Another unique aspect of the program is that during their time in Merida, rather than staying in a hotel, students stay with local families and get integrated in the daily lives of their host Mexican families. One of the Sundays is called “family day” and students spend the Sunday as a typical Mexican family Sunday. The students who participated in the past two programs said the trip was a once in a lifetime experience and a unique opportunity to combine research fundamentals, new cultures and a study abroad in one trip. The experience has inspired some of them to continue exploring new cultures and inspired others to lead by example as an engineer and through research.
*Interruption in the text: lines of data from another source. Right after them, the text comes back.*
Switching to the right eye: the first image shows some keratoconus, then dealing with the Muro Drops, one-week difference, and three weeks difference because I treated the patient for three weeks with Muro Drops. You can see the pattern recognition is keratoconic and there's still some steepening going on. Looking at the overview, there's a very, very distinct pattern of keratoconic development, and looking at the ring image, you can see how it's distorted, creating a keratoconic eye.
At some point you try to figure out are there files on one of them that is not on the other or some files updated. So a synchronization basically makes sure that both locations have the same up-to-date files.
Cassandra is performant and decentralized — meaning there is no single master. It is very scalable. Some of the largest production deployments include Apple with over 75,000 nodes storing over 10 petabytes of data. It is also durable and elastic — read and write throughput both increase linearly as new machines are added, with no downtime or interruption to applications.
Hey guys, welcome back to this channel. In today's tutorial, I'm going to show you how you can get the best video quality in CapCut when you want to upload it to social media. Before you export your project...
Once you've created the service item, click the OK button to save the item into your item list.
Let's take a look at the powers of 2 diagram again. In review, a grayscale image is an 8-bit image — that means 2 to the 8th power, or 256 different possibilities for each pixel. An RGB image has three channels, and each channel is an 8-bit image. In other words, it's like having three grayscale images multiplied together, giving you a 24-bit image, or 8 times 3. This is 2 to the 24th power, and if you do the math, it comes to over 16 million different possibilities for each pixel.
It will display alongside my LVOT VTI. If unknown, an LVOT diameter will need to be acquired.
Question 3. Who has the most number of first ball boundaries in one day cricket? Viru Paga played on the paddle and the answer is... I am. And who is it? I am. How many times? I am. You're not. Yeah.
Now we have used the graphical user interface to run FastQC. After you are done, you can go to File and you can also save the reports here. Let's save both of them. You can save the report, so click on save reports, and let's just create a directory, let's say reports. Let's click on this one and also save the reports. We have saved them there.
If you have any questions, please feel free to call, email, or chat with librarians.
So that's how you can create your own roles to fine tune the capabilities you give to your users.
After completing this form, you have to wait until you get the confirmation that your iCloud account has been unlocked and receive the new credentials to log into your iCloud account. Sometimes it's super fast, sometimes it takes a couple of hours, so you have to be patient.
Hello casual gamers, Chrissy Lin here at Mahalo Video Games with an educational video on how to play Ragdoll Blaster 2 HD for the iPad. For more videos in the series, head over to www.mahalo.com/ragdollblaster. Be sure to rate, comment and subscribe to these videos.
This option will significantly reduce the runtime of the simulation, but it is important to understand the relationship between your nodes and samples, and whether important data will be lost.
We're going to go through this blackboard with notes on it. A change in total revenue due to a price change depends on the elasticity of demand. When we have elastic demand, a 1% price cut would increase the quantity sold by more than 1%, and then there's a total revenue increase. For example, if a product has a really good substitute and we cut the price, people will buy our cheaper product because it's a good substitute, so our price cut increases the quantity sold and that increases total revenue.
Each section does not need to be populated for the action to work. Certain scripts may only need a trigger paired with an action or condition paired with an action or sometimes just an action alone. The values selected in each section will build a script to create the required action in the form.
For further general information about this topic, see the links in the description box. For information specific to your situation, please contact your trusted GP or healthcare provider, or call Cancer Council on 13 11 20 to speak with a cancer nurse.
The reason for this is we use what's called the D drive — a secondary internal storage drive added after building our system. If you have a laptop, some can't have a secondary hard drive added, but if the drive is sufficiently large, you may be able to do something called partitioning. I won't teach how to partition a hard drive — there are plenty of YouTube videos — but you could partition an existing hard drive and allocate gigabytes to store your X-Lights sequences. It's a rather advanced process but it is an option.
Many of the ELCIR students are still actively connected with their families private social media networks.

“My first year in the Engineering Learning Community as a Regents' student has proven that I could have a bright future no matter what type of background I have come from, as long as I was willing to accept the help offered to me and to work as hard as possible,” said Brittany Spriggs, an ELCIR participant and Regents’ Scholar.

Application for the 2017 program is currently open on the Halliburton Global Programs website

“There is not a day that goes by that I do not think of and appreciate the professional, cultural and personal value that the Mexico [research] trip has proven to possess,” said Spriggs.